Ainsi, selon Manuel Valls, l’islam serait « une part de notre identité » ! (Bourdin direct, 09 décembre 2016)
Admettons. Mais de quelle identité s’agit-il ? Le mot aurait pour le moins mérité d’être précisé. Cela n’a pas été fait, ce qui pourrait dénoter un certain flou conceptuel, voire peut-être une volonté politicienne de tromper.
Cependant, Valls étant un républicain orthodoxe, il paraît évident que l’identité en question ne peut être dans son esprit que l’identité qui fait la « France » et la République, une identité non discriminante et commune à tous les « Français » (« notre identité » !), c’est-à-dire, pour parler religion comme Valls, une identité commune aux chrétiens, aux musulmans, aux juifs, aux animistes, aux hindouistes, aux bouddhistes, aux taoïstes, aux rastafariens, aux shintoïstes, aux sikhs, aux zoroastriens, aux candomblés, aux adeptes du culte vaudou… qui composent harmonieusement le peuple « français » selon la République. Et cette identité universelle qui, par delà la diversité colorée, est celle de l’Homme (avec une majuscule, s’il vous plaît), prend corps à travers les valeurs et les principes universels d’une République compatible avec tous les hommes et toutes les religions.

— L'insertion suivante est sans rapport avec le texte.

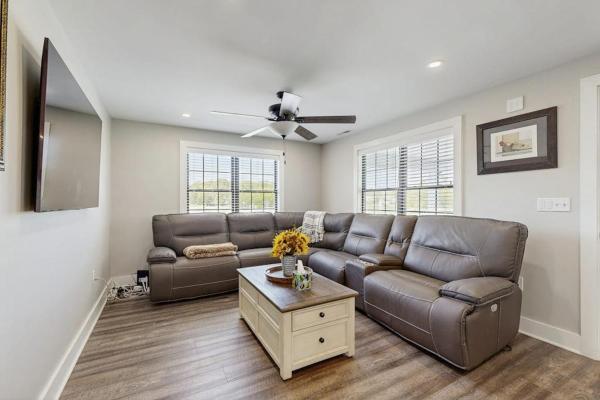 Banks Cottage ---30708 Whites Neck Rd - Bethany Beach, DE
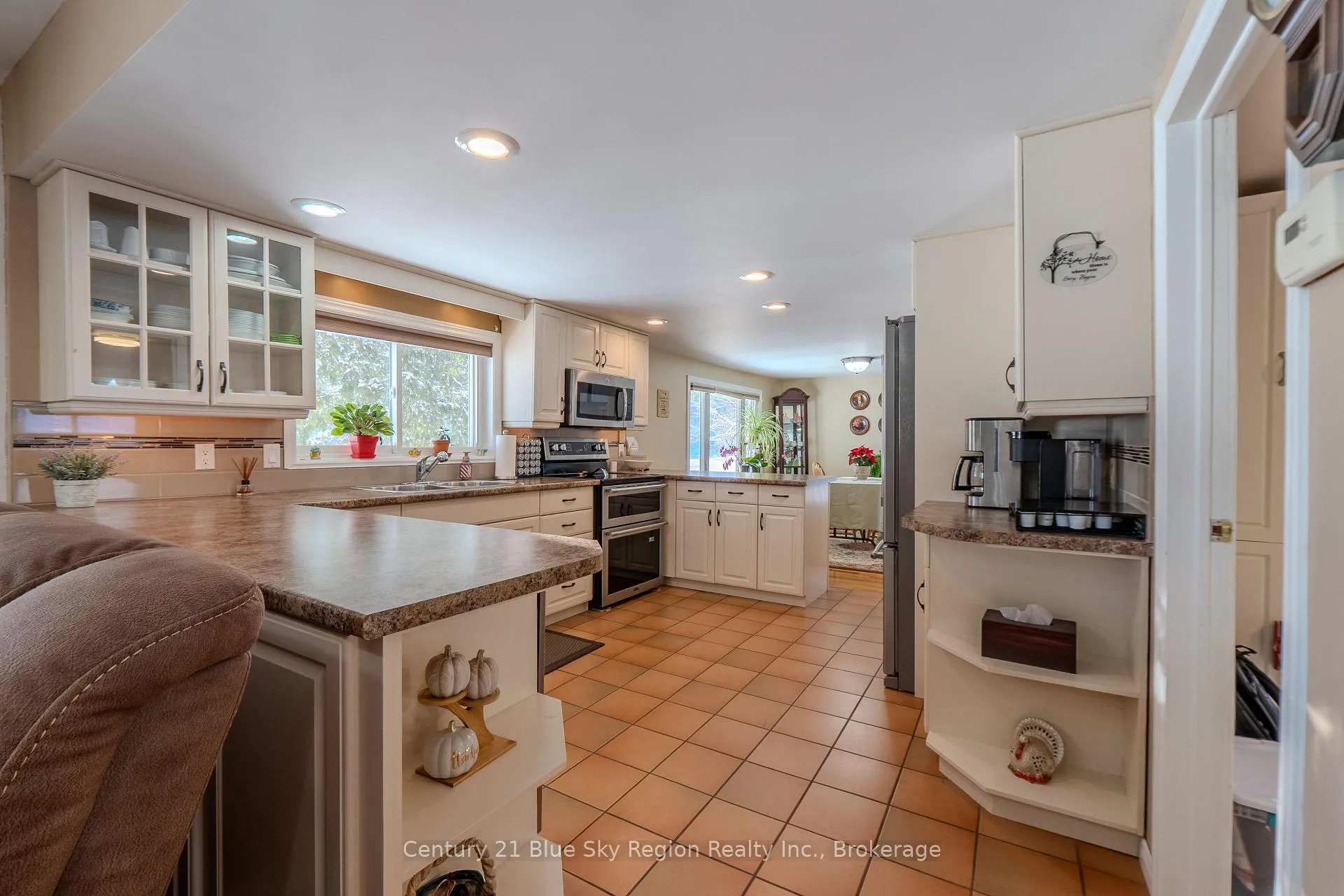 Photo 11 of 17 Sunrise Lane, Powassan — HOMEH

Fort bien, mais faut-il rappeler ici que, si le modèle identitaire républicain est universel (selon sa mythologie) et en capacité de faire « vivre ensemble » des hommes de toutes les origines, l’islam est pour sa part spécifique aux seuls musulmans ? Or le spécifique (« qui appartient en propre à une chose » dit le Larousse) est incompatible avec l’universel (« qui embrasse la totalité des choses », dit la même source). Par définition, ce qui singularise, comme la religion musulmane, ne peut être commun à tous. Et inversement, ce qui est commun, la bipédie par exemple ou les droits de l’homme selon la République, ne peut caractériser un groupe en particulier. Rien ne peut donc relever à la fois du spécifique et de l’universel, et l’islam, sauf à verser dans l’absurde, ne peut appartenir à une « identité » qui serait partagée par l’ensemble du peuple « français », juifs, chrétiens, polythéistes et hindouistes compris. Autrement dit, pour un républicain cohérent : l’islam ne peut pas être une part de « notre identité » commune.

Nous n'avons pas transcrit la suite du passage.